• ASSIGNMENT:
Where the records below show a line containing "伊朗VS新西兰首发：塔雷米PK伍德 贾汉巴赫什替补席待命", start copying; end with the line containing "WBCA1981's tweet photo.", and copy it too.

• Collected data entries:
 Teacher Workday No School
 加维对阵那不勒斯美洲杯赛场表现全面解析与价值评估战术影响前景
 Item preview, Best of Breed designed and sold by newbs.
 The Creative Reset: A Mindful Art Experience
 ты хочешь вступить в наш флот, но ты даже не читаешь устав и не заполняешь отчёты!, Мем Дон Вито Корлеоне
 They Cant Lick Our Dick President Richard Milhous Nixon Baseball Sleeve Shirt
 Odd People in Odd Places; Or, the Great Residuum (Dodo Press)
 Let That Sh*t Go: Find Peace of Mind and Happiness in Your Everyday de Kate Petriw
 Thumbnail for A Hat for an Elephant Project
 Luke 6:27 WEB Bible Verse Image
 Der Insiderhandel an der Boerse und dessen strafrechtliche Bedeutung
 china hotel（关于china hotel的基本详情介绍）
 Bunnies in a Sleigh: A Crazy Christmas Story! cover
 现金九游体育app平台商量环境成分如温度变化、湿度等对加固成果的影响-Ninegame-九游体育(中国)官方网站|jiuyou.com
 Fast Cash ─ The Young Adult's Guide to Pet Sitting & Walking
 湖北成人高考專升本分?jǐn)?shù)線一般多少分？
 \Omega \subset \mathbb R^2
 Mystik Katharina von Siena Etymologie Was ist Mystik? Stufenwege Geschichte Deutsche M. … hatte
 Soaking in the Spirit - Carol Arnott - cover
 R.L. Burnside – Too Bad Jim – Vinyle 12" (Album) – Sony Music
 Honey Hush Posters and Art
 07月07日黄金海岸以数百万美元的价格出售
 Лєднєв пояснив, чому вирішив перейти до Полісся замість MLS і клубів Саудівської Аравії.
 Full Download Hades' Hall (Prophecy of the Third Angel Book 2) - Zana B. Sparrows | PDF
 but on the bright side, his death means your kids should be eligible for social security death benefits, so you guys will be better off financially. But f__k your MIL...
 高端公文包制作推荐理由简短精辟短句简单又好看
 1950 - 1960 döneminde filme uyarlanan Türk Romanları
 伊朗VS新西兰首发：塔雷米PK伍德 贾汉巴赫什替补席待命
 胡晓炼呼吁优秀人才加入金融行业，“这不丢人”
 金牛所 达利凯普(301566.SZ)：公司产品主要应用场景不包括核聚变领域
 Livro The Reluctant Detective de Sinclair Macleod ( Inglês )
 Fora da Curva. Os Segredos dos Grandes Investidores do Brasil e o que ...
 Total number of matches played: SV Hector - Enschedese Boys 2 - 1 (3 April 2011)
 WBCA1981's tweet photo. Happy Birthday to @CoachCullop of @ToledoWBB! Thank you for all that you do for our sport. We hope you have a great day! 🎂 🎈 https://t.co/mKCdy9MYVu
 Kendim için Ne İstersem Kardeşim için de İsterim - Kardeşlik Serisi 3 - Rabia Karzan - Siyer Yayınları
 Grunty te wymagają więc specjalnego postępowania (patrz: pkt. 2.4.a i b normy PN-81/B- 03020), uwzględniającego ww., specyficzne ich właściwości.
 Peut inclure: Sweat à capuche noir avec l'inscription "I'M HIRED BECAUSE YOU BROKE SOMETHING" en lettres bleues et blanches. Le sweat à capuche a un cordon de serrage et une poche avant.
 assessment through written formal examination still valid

• TASK SOLUTION:
 伊朗VS新西兰首发：塔雷米PK伍德 贾汉巴赫什替补席待命
 胡晓炼呼吁优秀人才加入金融行业，“这不丢人”
 金牛所 达利凯普(301566.SZ)：公司产品主要应用场景不包括核聚变领域
 Livro The Reluctant Detective de Sinclair Macleod ( Inglês )
 Fora da Curva. Os Segredos dos Grandes Investidores do Brasil e o que ...
 Total number of matches played: SV Hector - Enschedese Boys 2 - 1 (3 April 2011)
 WBCA1981's tweet photo. Happy Birthday to @CoachCullop of @ToledoWBB! Thank you for all that you do for our sport. We hope you have a great day! 🎂 🎈 https://t.co/mKCdy9MYVu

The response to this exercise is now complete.